I need to steal a little of last week's confidence as I approach tomorrow.
The plan is 16 miles, with 10 at Marathon Pace. I'm still figuring that out, but I've been able to maintain this workout with MP in the 8:45/mi range, so that's what I'm going for again, at least on the longer, flatter sections. I've fallen into a repeatable habit of doing my long runs in and around the 3 bridges between Brooklyn and Manhattan, all of which include a good 1/2 mile of incline. They feel super productive, though I'm always disappointed on the downhills! They're so long, it feels like cheaping out; I've been surprised at needing just as much of a 'mantra' during these descents as on the ascents:
This is still training.
This is training for downhills.
Downhills are also training.
It's not wrong; different parts of the body are stressed, and for Napa I'll need both.
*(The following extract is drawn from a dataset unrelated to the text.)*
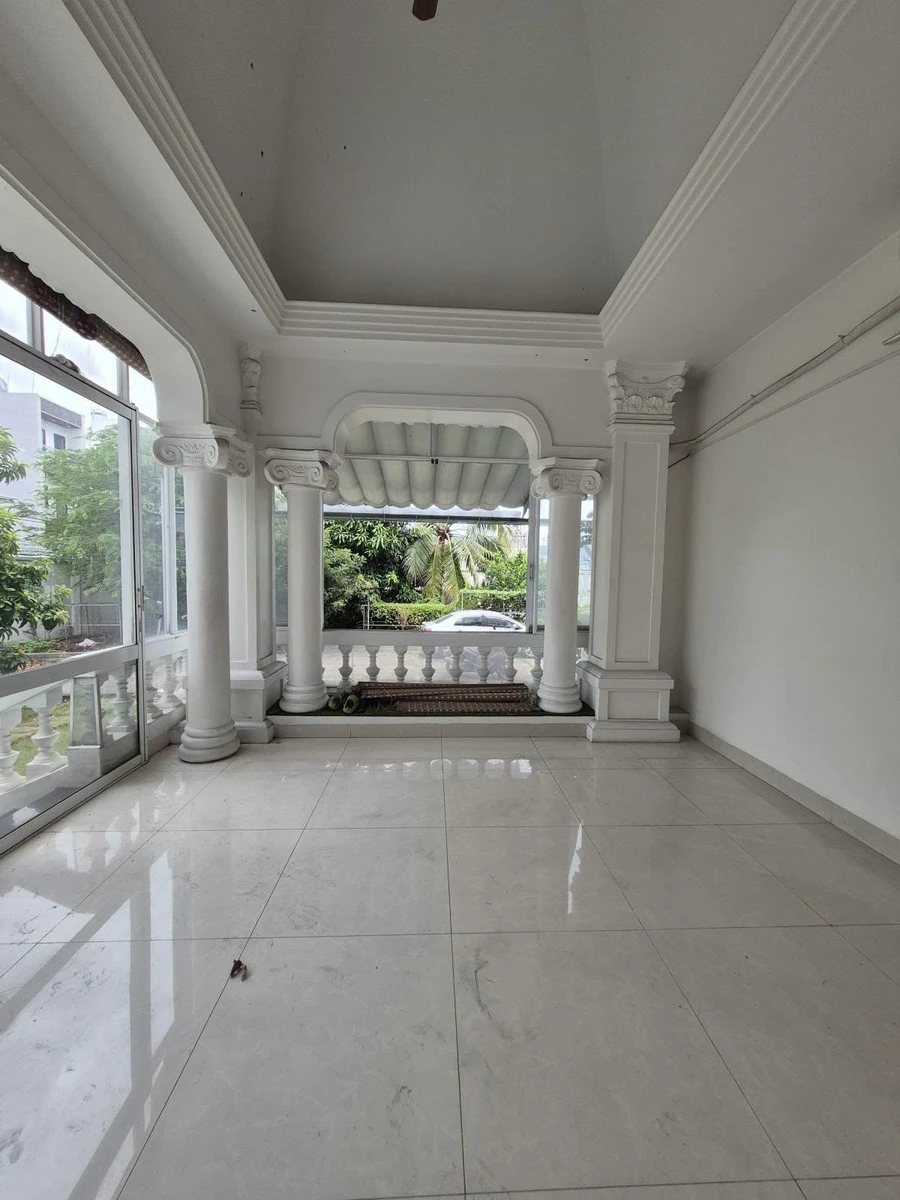 Bán biệt thự 1234m2 trung tâm Quận 12, giá 75 tỷ, có hồ bơi, phòng gym, sân vườn - Ảnh thu nhỏ 2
Though if I'm completely honest, in the easy comfort of my apartment, I'm feeling some kind of way about the choice to prioritize a race with a net elevation loss. There's already the ghost of an asterisk forming on this marathon. Yeah you finished, but who wouldn't?
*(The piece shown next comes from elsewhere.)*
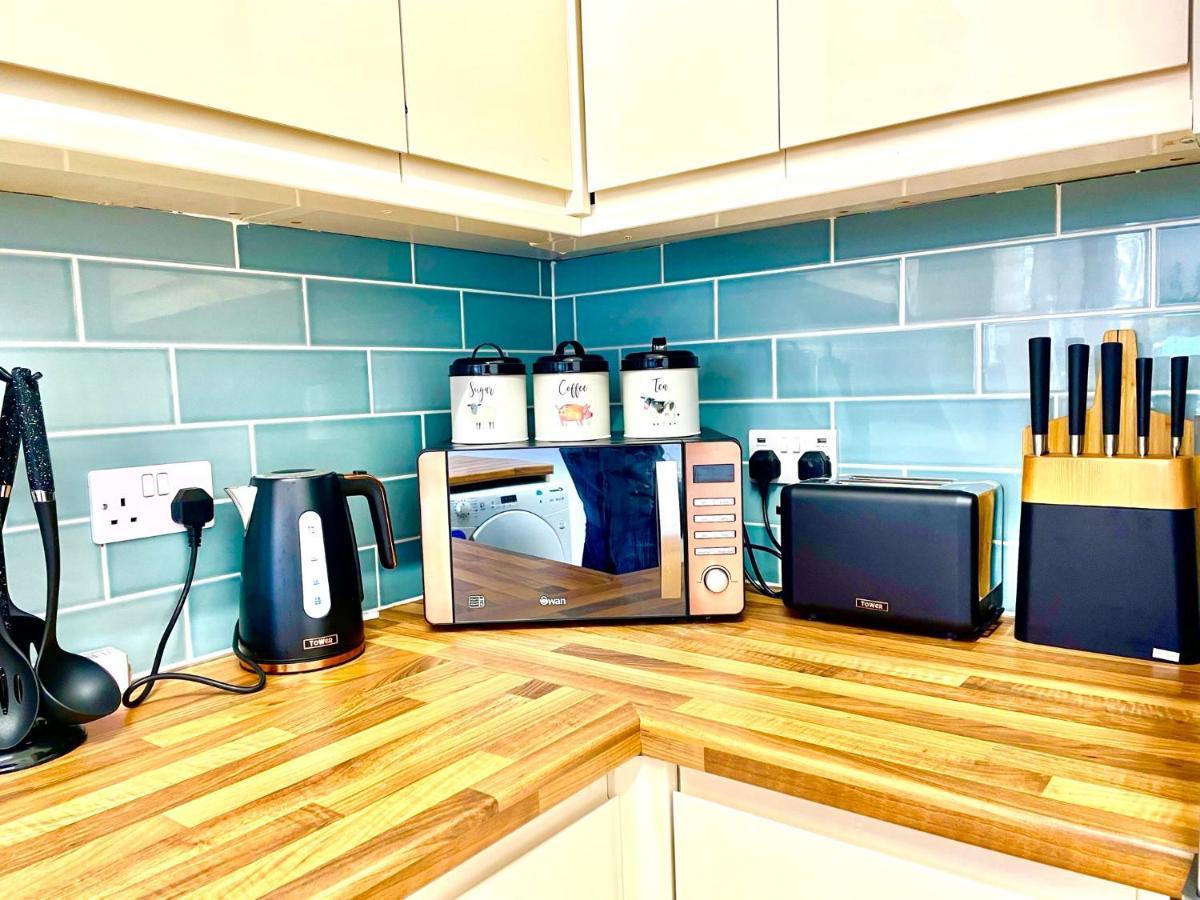 Apartment Executive Apartments, Nr Centre With Private Parking *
This is a ridiculous thought to have now — Napa was always meant to be, effectively, part of the training for NYC. It's hard not to lose sight of that now that my attention is 100% on Napa. I'm happy with this as a goal, and what makes me happy is that it's a stepping stone. An intermediate goal. There's already something to follow.
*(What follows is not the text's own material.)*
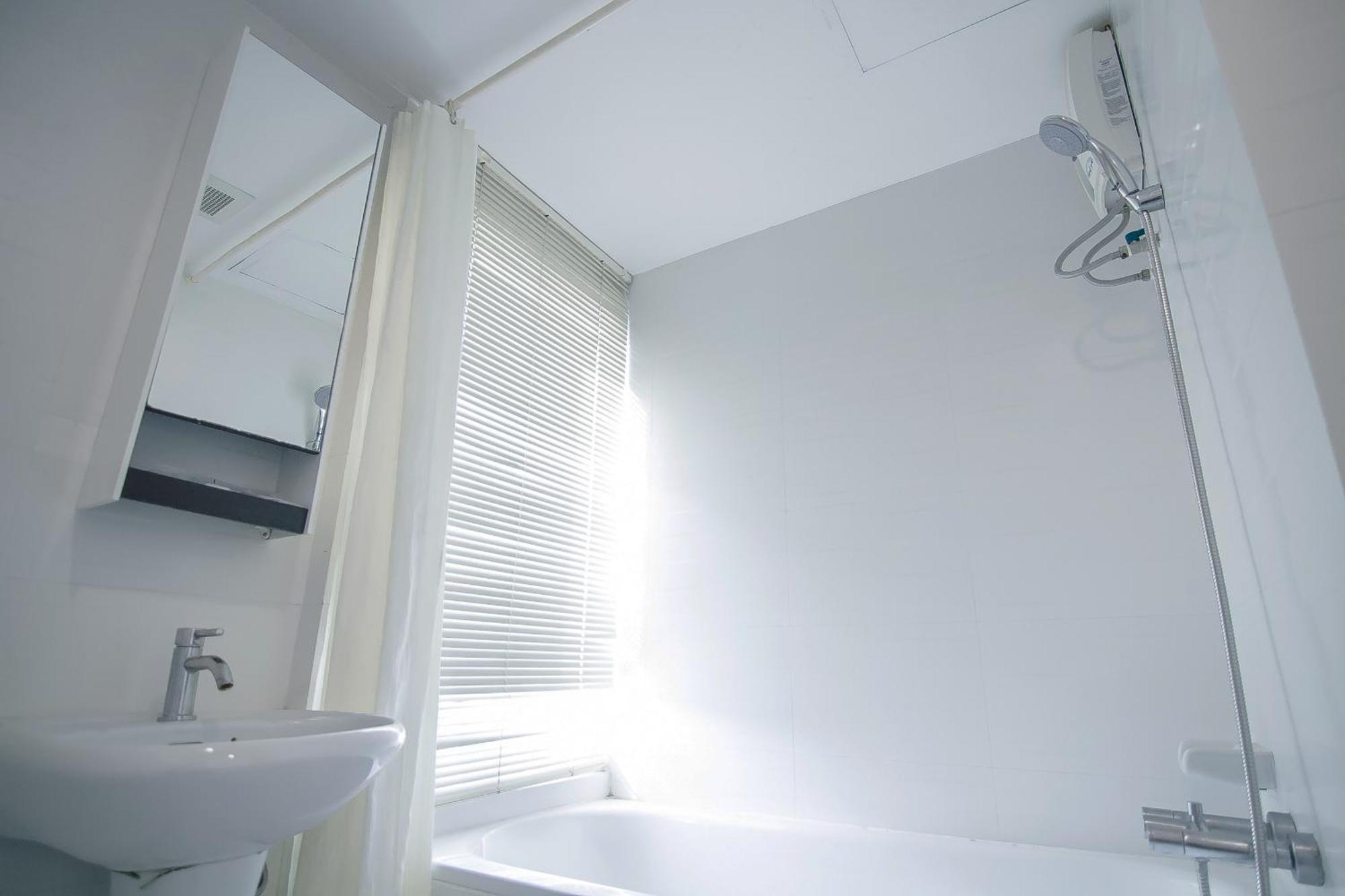 Romance Hotel Bangna Bangkok Extérieur photo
That, plus the fatalistic undercurrent that accompanies signing up for any marathon: you only get to do so many of these, if any at all.
I want, if I end up enjoying the distance and can get through 2024 without serious injury, to allow myself as many of these experiences as I can. If I were, hypothetically, to do 1 marathon a year for the rest of my able-bodied life, that sounds like a freakily small number even in the best case scenario of 5 or 6 more decades.
It's still to be seen whether I enjoy this, or, better-said, whether I get what I need out of it to want to continue doing them. I'm cautious of sounding like I'm over-committing to a lifestlye that I've barely touched. But It I do get what I need, and if I do commit, I feel as if I owe it to myself to set up for at least one additional race at the start here.
That was, earnestly, a significant portion of my reason for seeking out a race and registering. I would put the reasons in order of influences as:
- Anxiety about being ready for NYC 2024
- A hedge against "regretting not having done more marathons in my life if I end up liking them"
- November 2024 being SO FAR
- Existential angst, misc. sources
Pictured: Existential angst (misc. sources)
I intended to write about the change in temperature this week; the pros and cons of winter running (pro: tights, con: frozen eyeballs), but I suppose it's consistent. The weather turned around again from the mid-30s to the mid-50s, which is throwing my carefully-balanced seasonal clothing storage system into complete disarray.
Anyway, I'll be fighting the rain tomorrow on each of those 16 miles, but I can look forward to having the route all to myself.